A premise in the question here is: “Despite the mathematical improbability ...” That is a false, or at the very least an unsubstantiated, premise. Before one can hold that as a premise, one must establish that there is a mathematical improbability — a point I think Sagan and Dawkins would argue is untrue.
Despite the mathematical improbability of such a thing happening...
Creationists fail to compare this to the "mathematical improbability" of magic from a god.
evolutionists fallaciously cling to the position
This is most likely a strawman fallacy because the implication is that evolution is being accepted "fallaciously" or unreasonable, without knowing why evolution is accepted—assuming we are talking about evolution here and not abiogenesis.
The creationist is also conflating abiogenesis with evolution, which is common.

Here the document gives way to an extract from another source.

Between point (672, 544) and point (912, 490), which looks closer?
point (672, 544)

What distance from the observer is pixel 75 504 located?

Again, might be a strawman because they are assuming the evolutionist also subscribes to abiogenesis—possibly with the same conviction they accept evolution.
While speaking of math... we have billions of examples of things that happened naturally, and exactly zero examples of things that happened supernaturally (i.e., by magic), so preferring abiogenesis to magic is more than reasonable.
fallaciously cling to the position that if a thing is POSSIBLE to have happened that it DID and DOES happen
Again, almost certainly a strawman. While there may be some people out there that accept abiogenesis or evolution primarily based on the appeal to possibility , I doubt this at all common.